> **Goal of the exercise**
Below are the records; collect from them each line containing the string "with".

[Opening Material supplied section]

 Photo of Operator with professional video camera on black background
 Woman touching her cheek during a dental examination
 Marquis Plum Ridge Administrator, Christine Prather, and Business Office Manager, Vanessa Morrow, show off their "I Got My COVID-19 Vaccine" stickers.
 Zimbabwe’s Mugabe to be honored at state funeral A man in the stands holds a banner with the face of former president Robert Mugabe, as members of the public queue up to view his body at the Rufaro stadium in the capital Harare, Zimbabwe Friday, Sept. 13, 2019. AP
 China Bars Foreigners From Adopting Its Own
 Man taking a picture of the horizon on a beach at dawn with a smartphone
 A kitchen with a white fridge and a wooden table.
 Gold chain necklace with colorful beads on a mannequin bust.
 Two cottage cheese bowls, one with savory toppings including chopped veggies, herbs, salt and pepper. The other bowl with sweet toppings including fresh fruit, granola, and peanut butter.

[Closing Material supplied section]

> **Solution**
 Photo of Operator with professional video camera on black background
 Zimbabwe’s Mugabe to be honored at state funeral A man in the stands holds a banner with the face of former president Robert Mugabe, as members of the public queue up to view his body at the Rufaro stadium in the capital Harare, Zimbabwe Friday, Sept. 13, 2019. AP
 Man taking a picture of the horizon on a beach at dawn with a smartphone
 A kitchen with a white fridge and a wooden table.
 Gold chain necklace with colorful beads on a mannequin bust.
 Two cottage cheese bowls, one with savory toppings including chopped veggies, herbs, salt and pepper. The other bowl with sweet toppings including fresh fruit, granola, and peanut butter.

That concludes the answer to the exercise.